実山は主君光之の側勤めであったため、参勤にも毎回供奉しており、その回数は「梵字艸」にも記しているとおり合計三十八回を数えている。
またしばしば特別に暇をもらったり、参勤の前後に許可を得て別行動をとっている。
そのような機会を利用して書画・茶道・和歌に励むこともできたのであろう。

実山は立場を利用して、参勤交代の途中京都に寄り道を繰り返していたらしい。
エグゼクティブならではのやんちゃである。

翌元禄十五年には、実山は二月二十七日に福岡を発ち、明石から陸路を難波に至り、難波から船で淀川を上っている。
梵字艸」に列記された「晴事」、すなわち晴れがましい思い出の中に次のような茶道に関する記述がある。
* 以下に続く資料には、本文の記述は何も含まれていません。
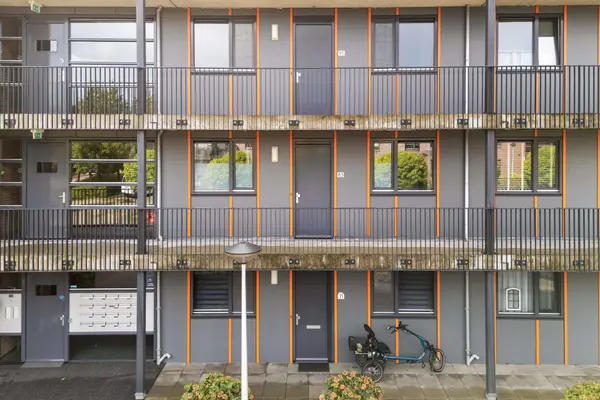 Burgemeester Brouwerstraat 83, ZWIJNDRECHT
○山崎に至て妙喜庵二畳の茶室に再び入ル、かつ炉ぶち(縁)寄付せし事
○千宗安亭に茶話、利休堂に像を礼し茶を供ずる事

その過程で、千家にも出入りしていたらしい。

…。


実山が南方録を手に入れたのが貞享4(1687年)の事である。
元禄15年は1702年。

裏千家の利休堂まで行って、南方録の話をした、という形跡が一切無い。
その「再発見」は自分の手柄の筈なのに。

南方録は千家に見せるようなものではなかった。
南方録贋作説の状況証拠の一つではあるな。